[[ AVAILABLE DATA open ]]
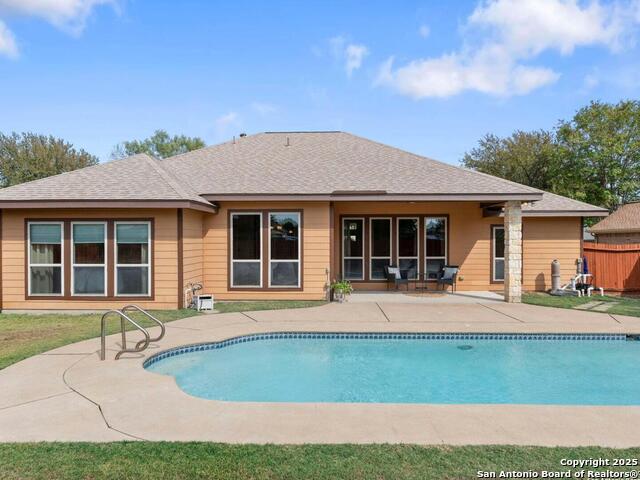 Listing photo id 32 for 15809 Fair Ln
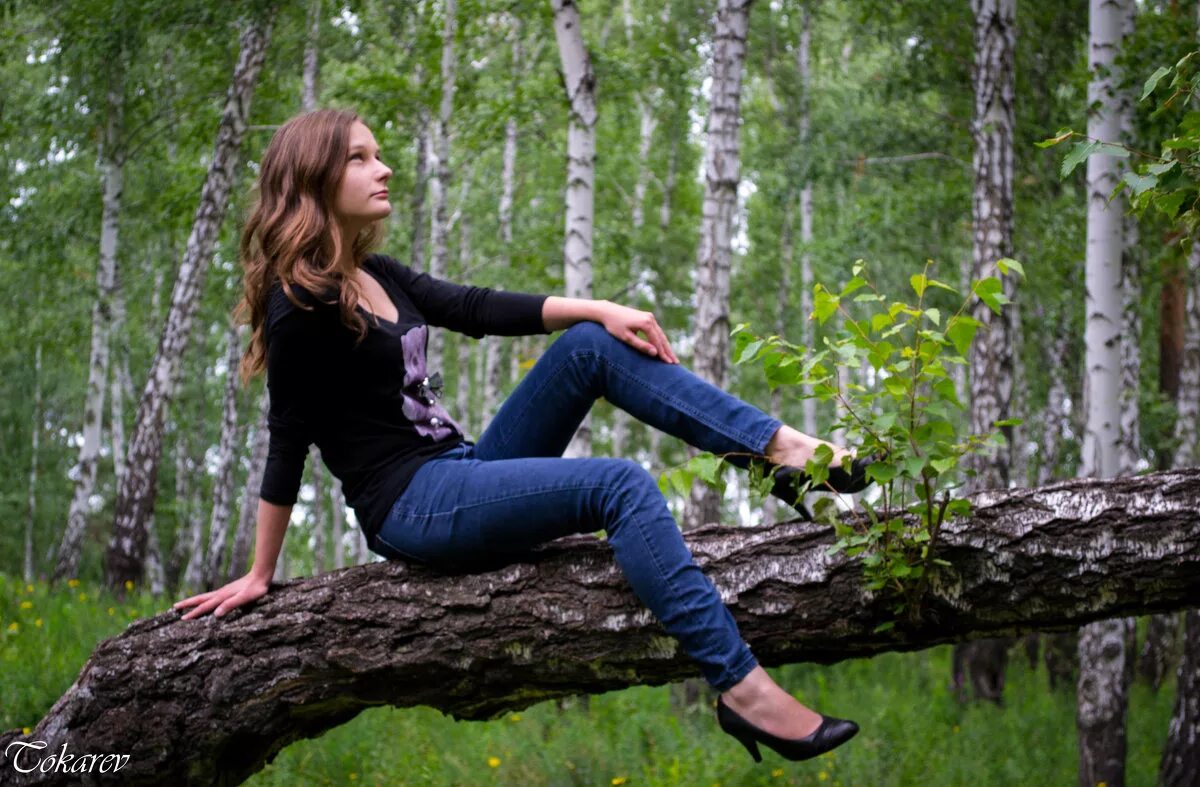 девушка в березовом лесу. парень в лесу со спины. фотосессия в березах. 28 лет в лесу. мужчина на природе.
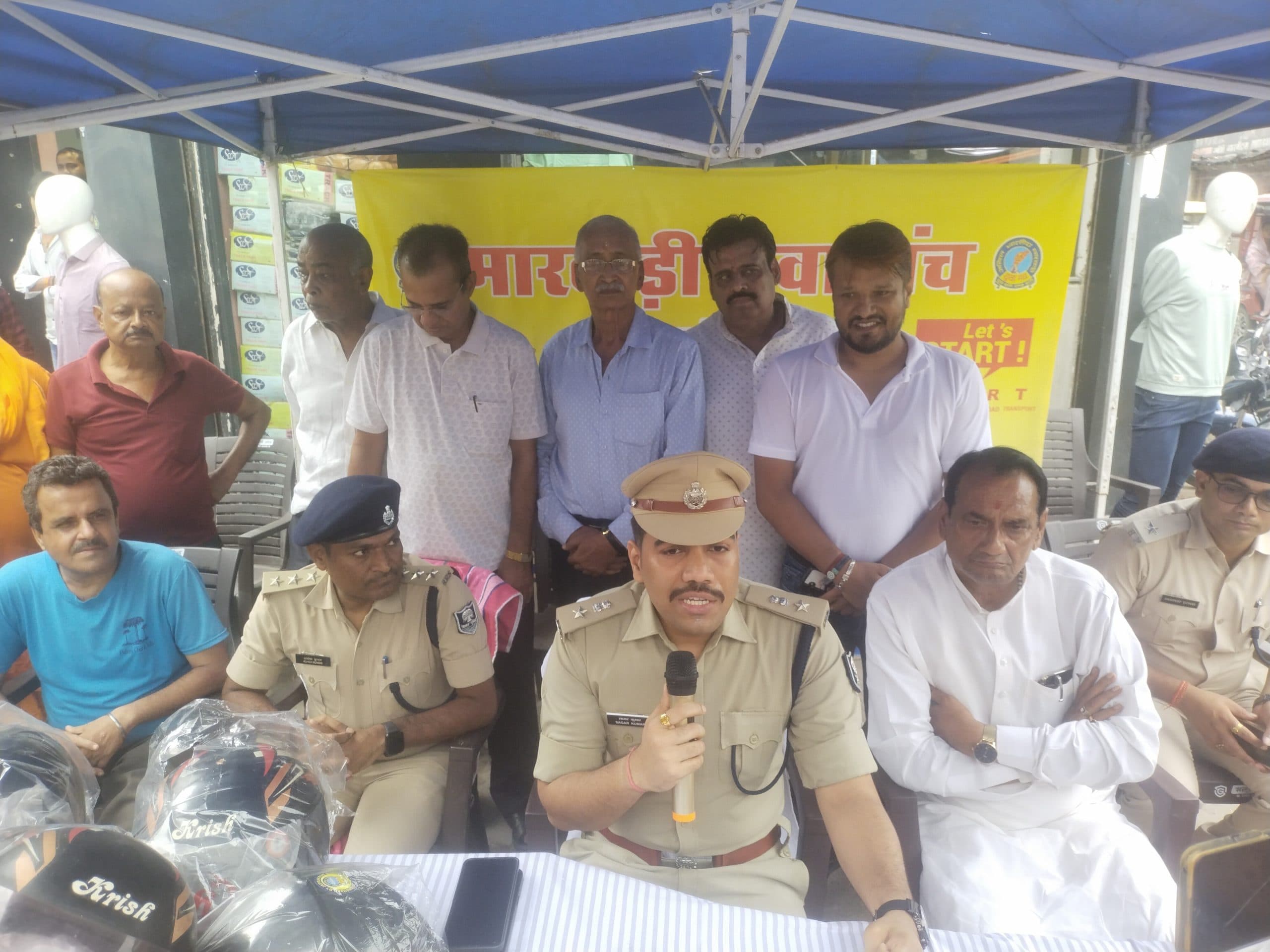 मारवाड़ी युवा मंच ने की रोड सेफ्टी अभियान की शुरुआत, एसपी ने बाइक सवारों के बीच बांटे सैकड़ों हेलमेट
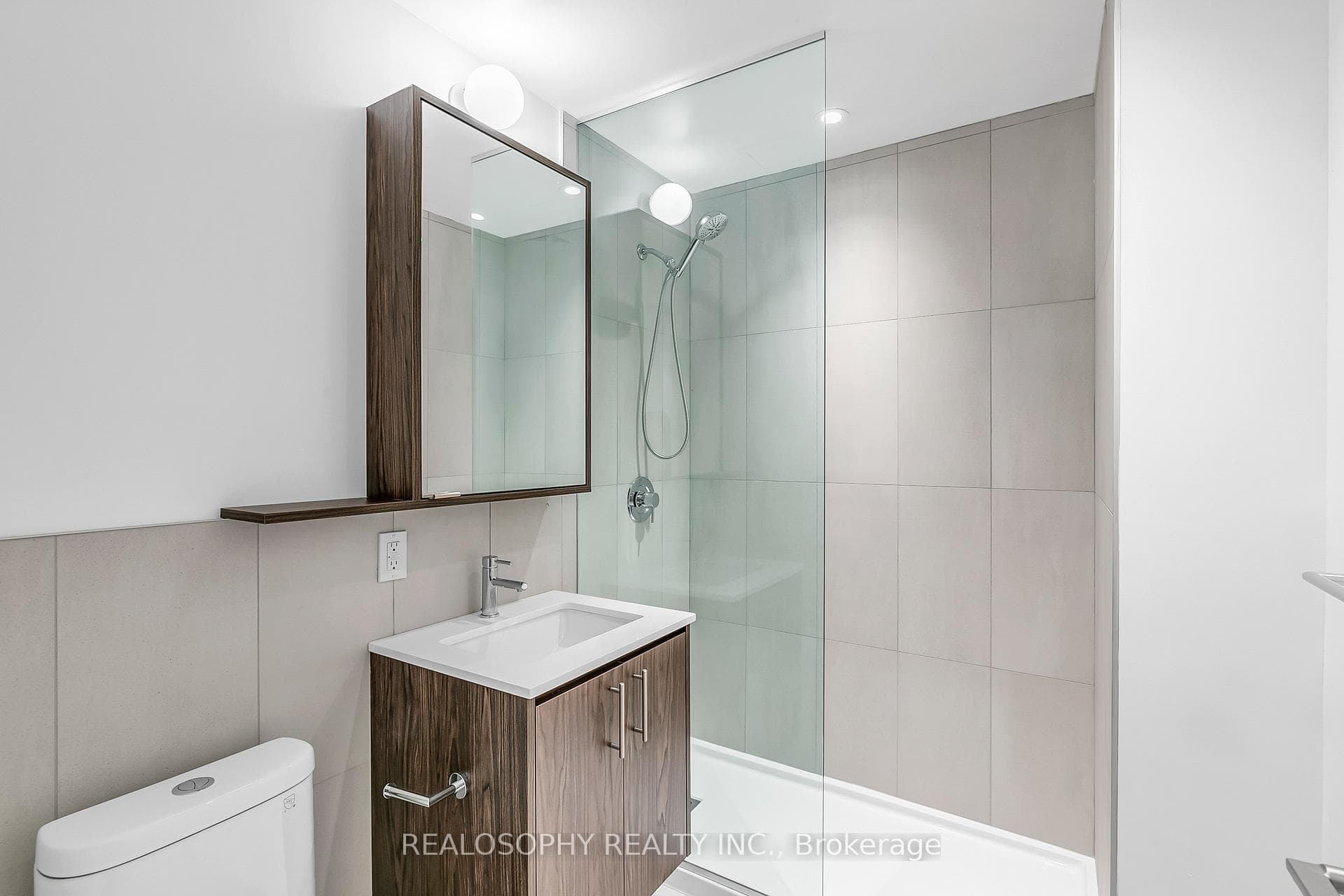 115 Larchmount Avenue Unit 503 photo 7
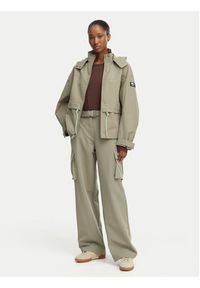 Guess Spodnie materiałowe W6GB01 W1416 Khaki Regular Fit. Kolor: brązowy. Materiał: syntetyk #5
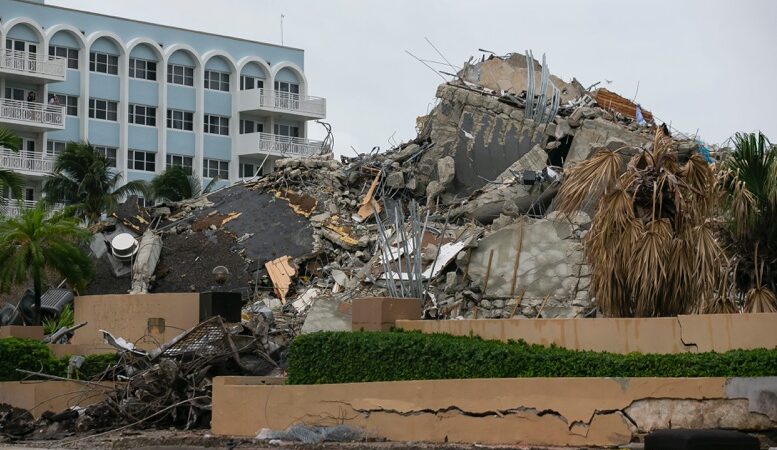 Encuentran restos de otras 10 personas en edificio en Florida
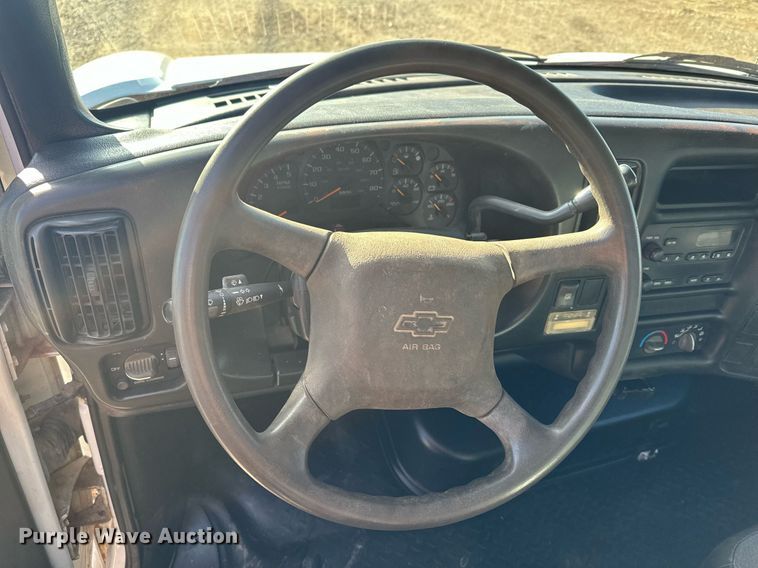 image for item LO9458 2004 Chevrolet  C4500 flatbed truck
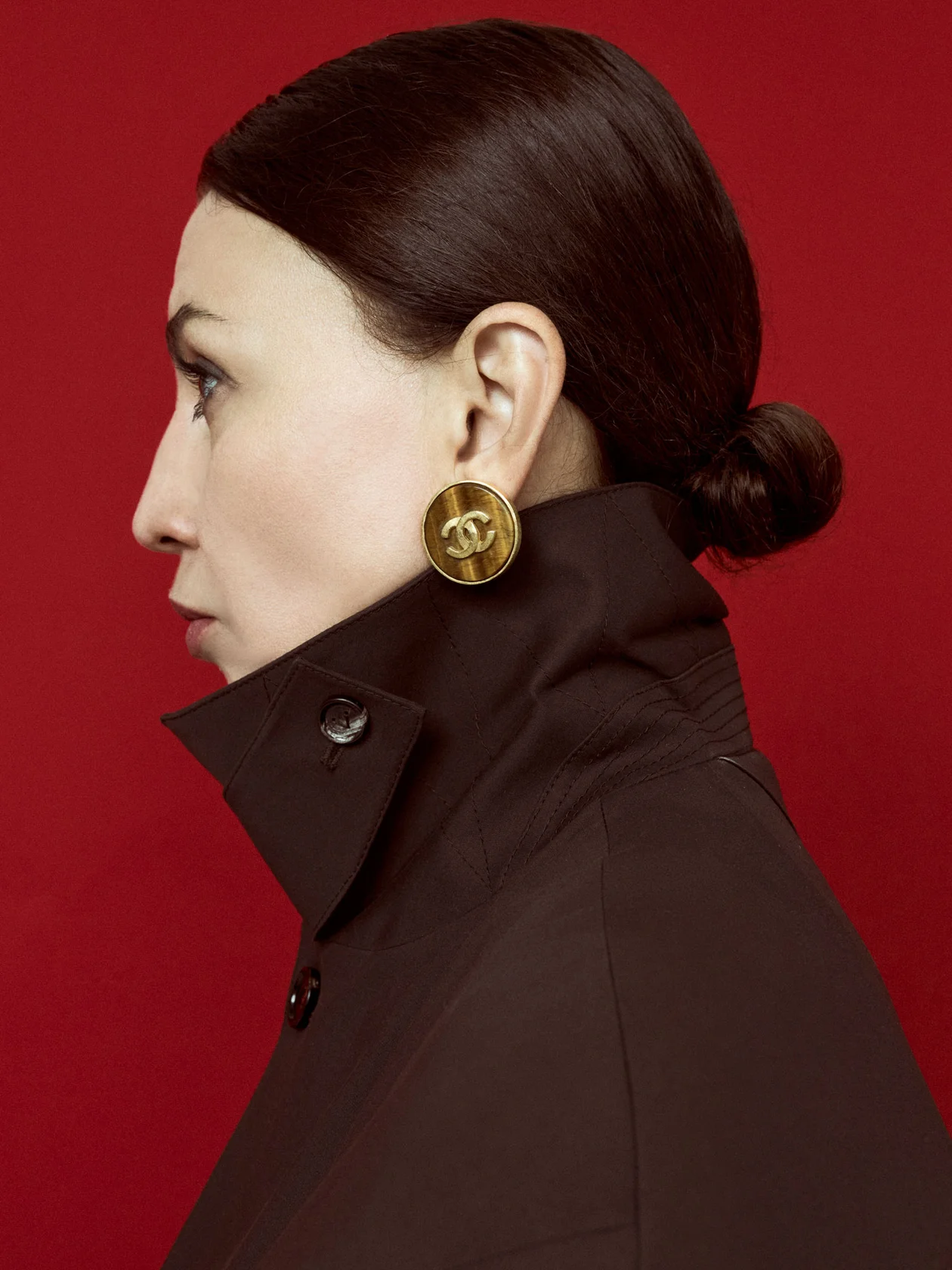 На Полине: тренч, BOTTEGA VENETA; серьги, CHANEL, VINTAGE VOYAGE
[[ AVAILABLE DATA closed ]]
YOUR OBJECTIVE:
The reply should hold an exact repeat of the entries from their opening line through the line with "मारवाड़ी युवा मंच", and no pictures at all.

RESULT FOR THIS TASK:
 Listing photo id 32 for 15809 Fair Ln
 девушка в березовом лесу. парень в лесу со спины. фотосессия в березах. 28 лет в лесу. мужчина на природе.
 मारवाड़ी युवा मंच ने की रोड सेफ्टी अभियान की शुरुआत, एसपी ने बाइक सवारों के बीच बांटे सैकड़ों हेलमेट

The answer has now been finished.